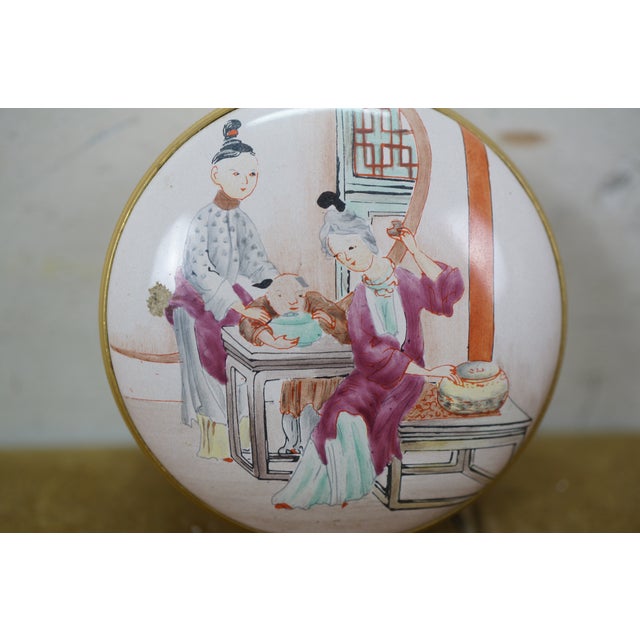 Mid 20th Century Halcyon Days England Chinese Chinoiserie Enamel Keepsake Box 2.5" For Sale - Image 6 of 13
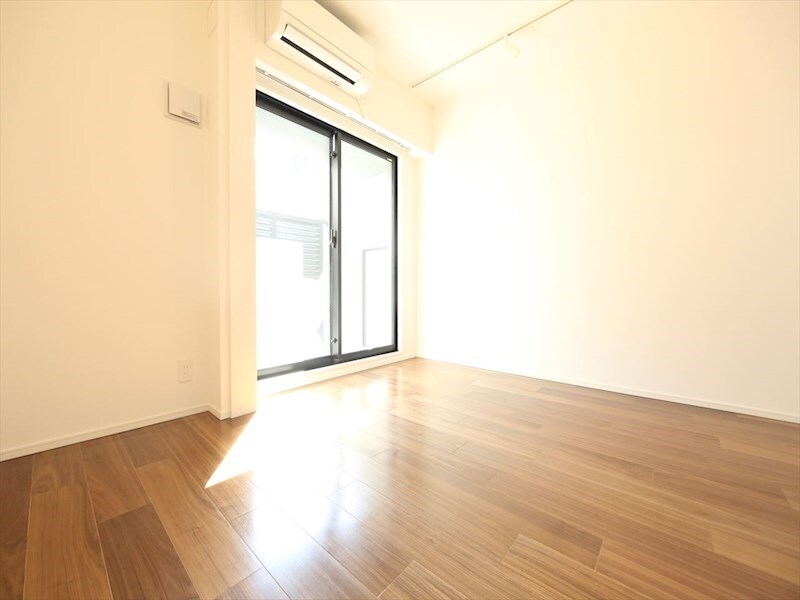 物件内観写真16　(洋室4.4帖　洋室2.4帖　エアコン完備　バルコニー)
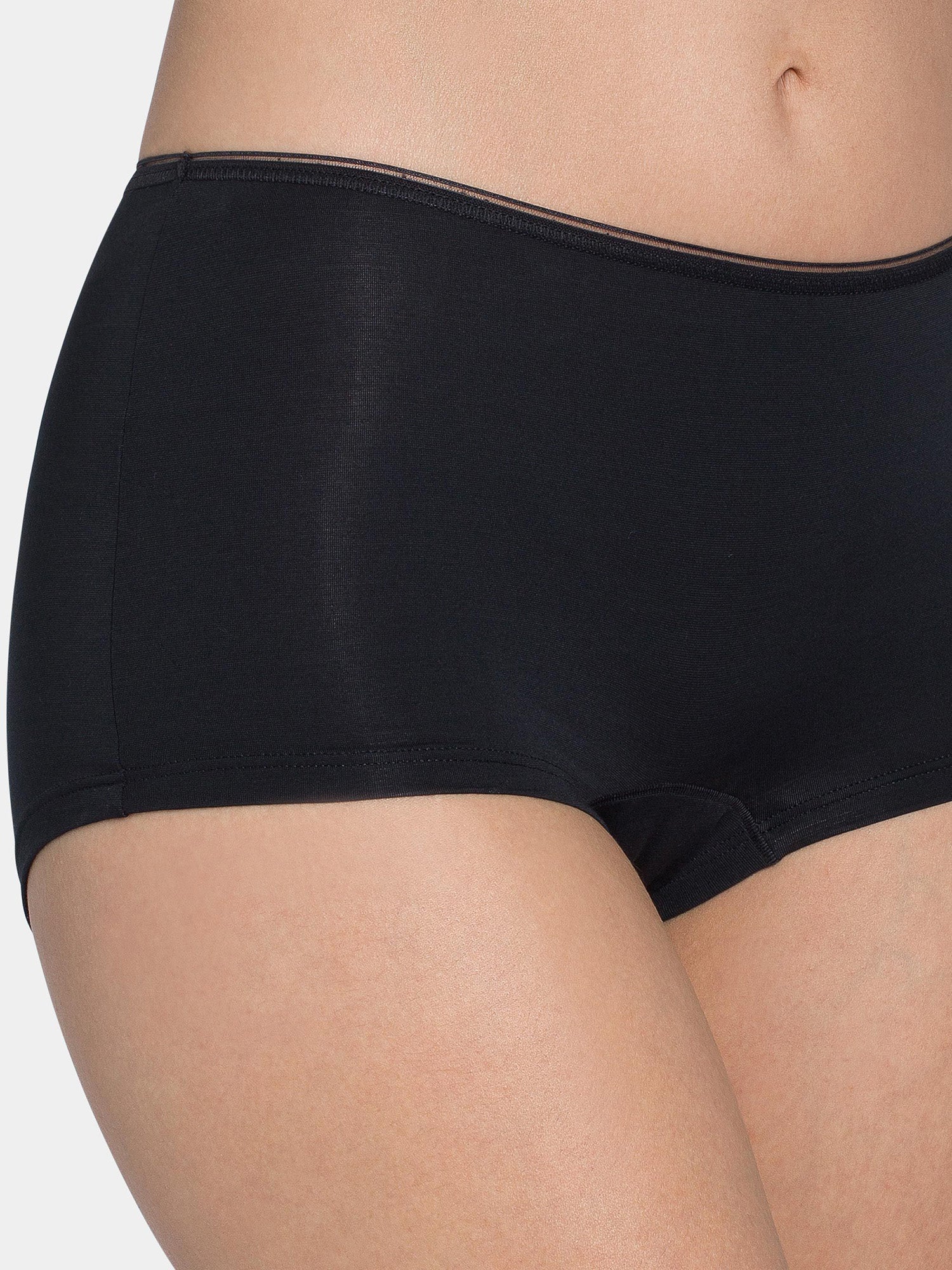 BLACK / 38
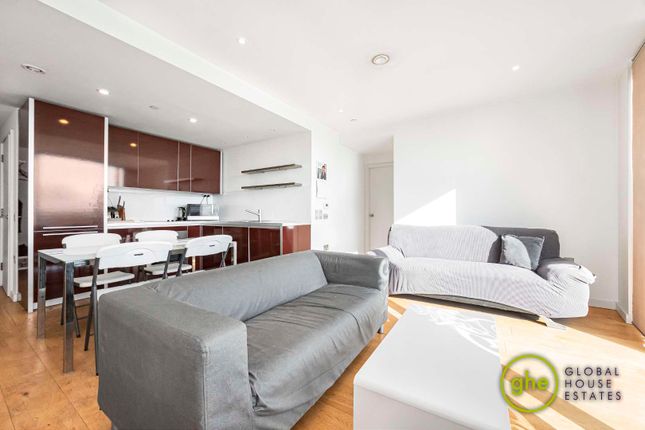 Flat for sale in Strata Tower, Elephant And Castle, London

▸ Exercise brief:
Would you reproduce each line of the material exactly, omitting the images?

▸ Result of this exercise:
 Mid 20th Century Halcyon Days England Chinese Chinoiserie Enamel Keepsake Box 2.5" For Sale - Image 6 of 13
 物件内観写真16　(洋室4.4帖　洋室2.4帖　エアコン完備　バルコニー)
 BLACK / 38
 Flat for sale in Strata Tower, Elephant And Castle, London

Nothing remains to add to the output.